[Data entries]
====
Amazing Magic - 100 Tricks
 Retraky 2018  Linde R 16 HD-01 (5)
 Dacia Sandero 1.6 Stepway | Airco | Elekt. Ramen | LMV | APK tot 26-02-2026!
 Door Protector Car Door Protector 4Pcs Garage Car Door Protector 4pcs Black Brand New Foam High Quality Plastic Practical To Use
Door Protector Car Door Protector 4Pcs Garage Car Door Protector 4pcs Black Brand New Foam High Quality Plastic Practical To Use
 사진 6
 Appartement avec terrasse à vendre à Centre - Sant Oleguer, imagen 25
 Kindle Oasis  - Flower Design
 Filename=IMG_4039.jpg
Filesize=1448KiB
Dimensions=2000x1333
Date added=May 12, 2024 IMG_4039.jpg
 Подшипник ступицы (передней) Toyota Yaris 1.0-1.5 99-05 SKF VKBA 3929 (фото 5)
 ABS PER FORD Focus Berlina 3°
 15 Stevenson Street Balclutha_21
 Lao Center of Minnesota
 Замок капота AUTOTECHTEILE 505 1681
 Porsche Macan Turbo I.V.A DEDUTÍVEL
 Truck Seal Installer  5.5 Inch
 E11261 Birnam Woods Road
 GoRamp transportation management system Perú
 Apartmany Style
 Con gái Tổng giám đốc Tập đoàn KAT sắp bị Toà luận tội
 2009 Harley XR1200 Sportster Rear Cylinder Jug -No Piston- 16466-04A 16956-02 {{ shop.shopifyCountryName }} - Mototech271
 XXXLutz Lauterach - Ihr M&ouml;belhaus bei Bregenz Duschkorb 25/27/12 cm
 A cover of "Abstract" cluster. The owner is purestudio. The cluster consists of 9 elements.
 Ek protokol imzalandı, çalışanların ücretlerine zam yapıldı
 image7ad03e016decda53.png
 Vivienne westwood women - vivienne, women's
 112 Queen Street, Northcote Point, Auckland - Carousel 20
====
What is being asked -
Take the line that contains "XXXLutz Lauterach - Ihr" and each line after it through the end of the records, and repeat them all exactly. Nothing else.

Task response -
 XXXLutz Lauterach - Ihr M&ouml;belhaus bei Bregenz Duschkorb 25/27/12 cm
 A cover of "Abstract" cluster. The owner is purestudio. The cluster consists of 9 elements.
 Ek protokol imzalandı, çalışanların ücretlerine zam yapıldı
 image7ad03e016decda53.png
 Vivienne westwood women - vivienne, women's
 112 Queen Street, Northcote Point, Auckland - Carousel 20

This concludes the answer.